人前で、この言葉を言われないようにと気を付けると思います。

南雲しのぶさんがファーザーコンプレックスであっても、

優秀な人ですから、

ヘリコプターに同乗している松井刑事やパイロット等、

男性陣の目をしっかりと意識していると思いました。

 

心は激しく波立っていても、

そうでないように振る舞わざるを得ない「優秀な女性」は、

人の目に触れないところで、

堰を切ったように、感情を溢れさせるのだと思います。

 

映画にはありませんでしたが、私の想像では、

南雲さんは、柘植さんを引き渡す手続きをした後、

何事もなかったかのように帰路につき、

玄関に出てきた母親にいつものような態度をとるでしょう。

そして自室に入ります。

何事もなかったかのように

次の日の仕事の準備をするためにPCに向かいます。

キーボードをたたく指が見え、少しずつその指が乱れてくるのがわかります。

どんな文字を叩いているのかもわからないほどの乱れた指の動きから、

すこしずつ南雲さんの顔が見えてきます。

 

声を押し殺して、泣いています。

泣きながら、自分に鞭打つように、無理にでも仕事を続けようとしている南雲さんがいます。

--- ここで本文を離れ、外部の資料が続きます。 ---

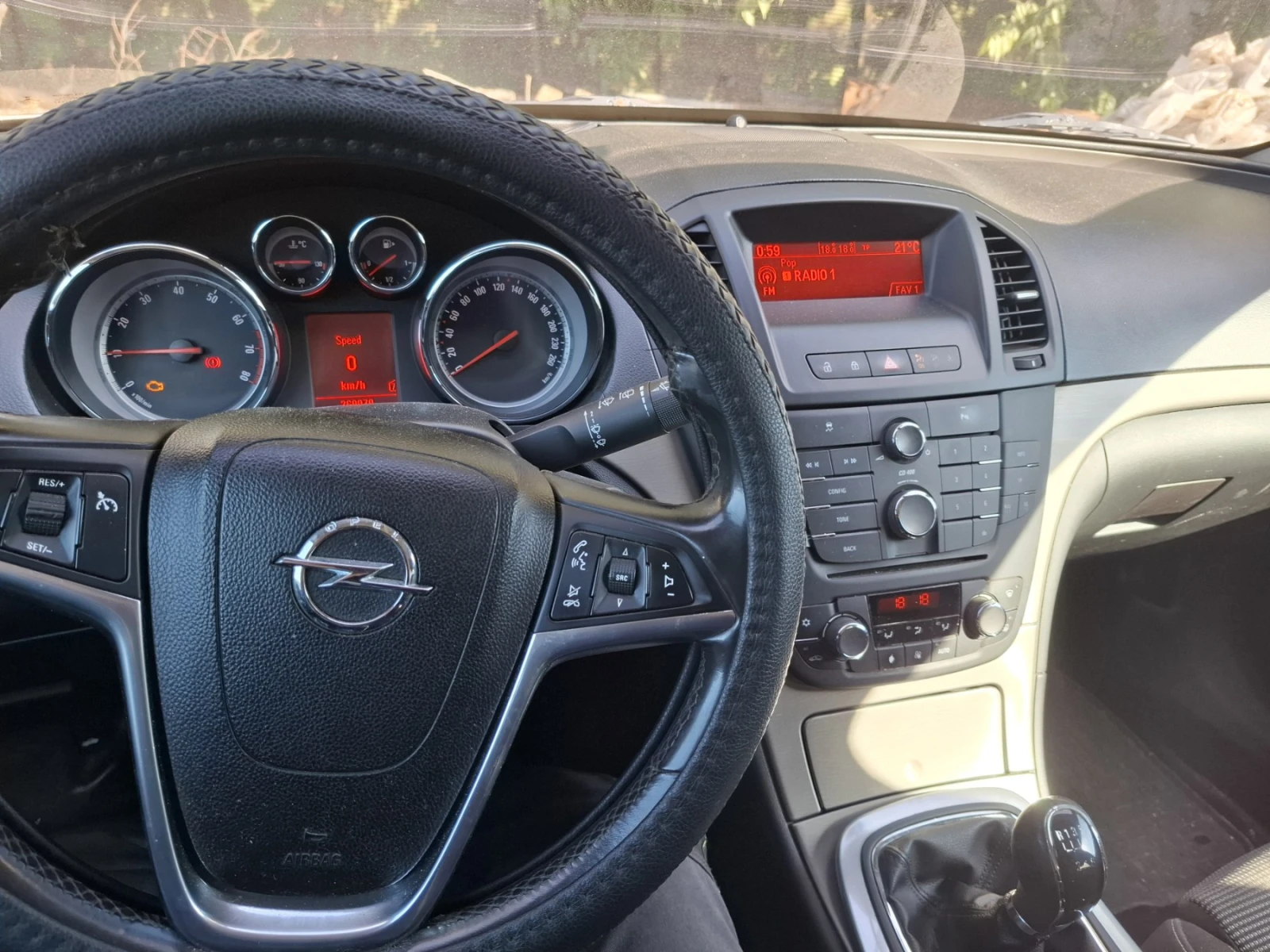 Opel Insignia  TOURER SW, снимка 8 - Автомобили и джипове - 56720182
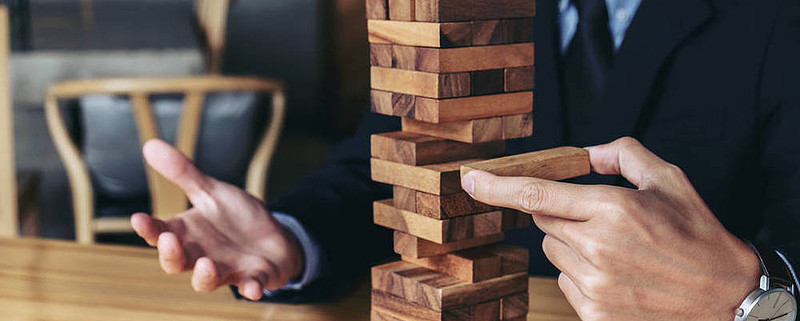 揽储大战升温，中小银行竟加息「抢」钱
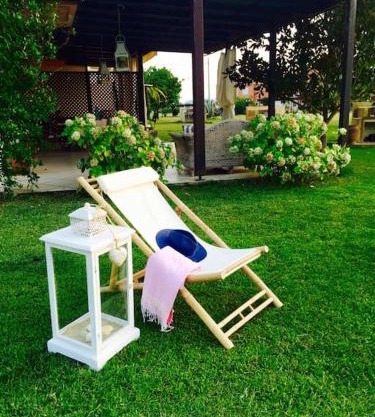 TROIS RIVIERES LUXURIOUS SEASIDE VILLA/SITHONIA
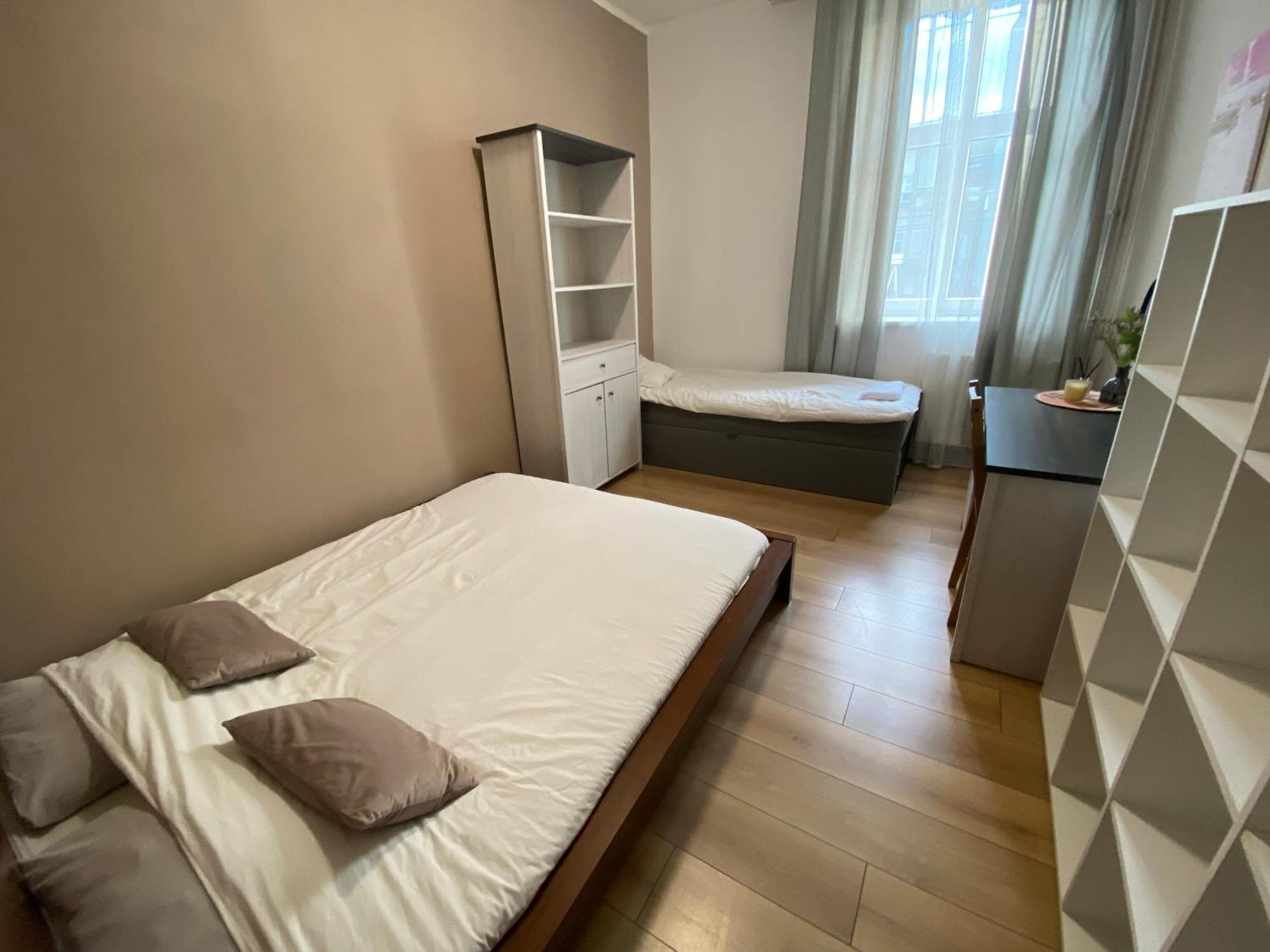 Pini Hostel - Przytulne Pokoje W Centrum Krakowa 외부 사진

涙や鼻水で南雲さんの顔は、ぐちゃぐちゃになっています。

南雲さんは、自室で、母親には分からないように、

声を出さずに“号泣”しています。

キーボードを叩く乱れた指の動きは止まりません。

 

完璧であろうとする南雲さんが、

そこに居ます。

 

Movie2の作品は、後藤さんの一言でエンディングに入りますから、

私の想像したシーンは私の頭の中だけのものですが、

たった一言のセリフでも、

演ずる側は、

「考え」ます。

そのセリフの前後も考慮して、

こうか、ああかと考えて稽古をし、

稽古をしながら、また、異なる考え方に移行したり、

それを取り入れたり手放したりしながら、

また稽古します。

思考と稽古を繰り返しながら、体の中に、一つの流れを作り上げていきます。

その流れが、自分と一体となって、やっとマイクの前に向かうことができるのだと思います。

 

私以外の方に質問をしたことがないので、

声優の一人一人がどのように「役」と向き合っているのかわかりませんが、

私はそうしてマイクの前に立ちます。

 

押井守監督は

「南雲しのぶさんは、権威、つまり、優秀であることを重要視している。

父親はとても立派な人で、彼女はファーザーコンプレックスである。

母親のような生き方を軽視している。

そして、後藤喜一のような人は、選ばない」

と人物設定をしました。

そして、「あなたを逮捕します」という表現で、

押井守監督のダメ出しに、私は異論を唱えました。

それはもしかしたら、押井守監督の目に、

「反抗」に見えたのかもしれませんね。

 

押井監督のダメ出しに異を唱えたのは、この時が初めてだったと記憶しています。

 

Movie2をご覧になった方の中には、

「あなたを逮捕します」というセリフが、

毅然と言い放っているように聞こえた方もいるかもしれませんが、

前述した理由から、押井守監督の求めた通りにはしていなかったと、

私は記憶しています。

押井守監督には申し訳ないのですが、

押井守監督があのセリフに求めた「表現」を“100”とすると、

テストのときに私が表現したのは、「20」。

ダメ出しをされて悩んだ挙句本番に表現したのは、「70」です。

それがそのまま、

皆さんがご覧になった南雲しのぶの「あなたを逮捕します」になっています。

 

それが正しいのか正しくないのか、

効果的なのか効果的でないのか…。

それはご覧になった方々の判断に委ねたいと、私は思います。

 

亡くなった作家の「森瑤子さん」がご自身の著書に書いていました。

私の記憶が正しければですが、

「作家は、作品に、自分自身を露出させている」

という内容だったと思います。

演技者もある意味で、自分を露出させていると考えています。

そしてそれ以上に、

押井守監督はじめ、

映画を作る「監督」の皆さんも、

自分の作品の中で、

ご自身を露出させているのではないでしょうか?

 

「南雲しのぶ」という女性は、

押井守監督が、「オギャー」と産まれた時から現在に至るまでに接してきた

多くの女性たち(お母さまやお姉さまも含めて)の存在から築かれた

監督自身の「女性観」が色濃く影響している“女性”だと思います。

 

随分と長くなりました。

パトレイバーについては、声だけを新たに収録しなおした「Movie1」についても、

すこし触れようと思っています。

 

コロナはまだ続いています。

私は慎重な方なので、油断はしていません。

皆さんも、十分に、ご自身を守ってくださいね。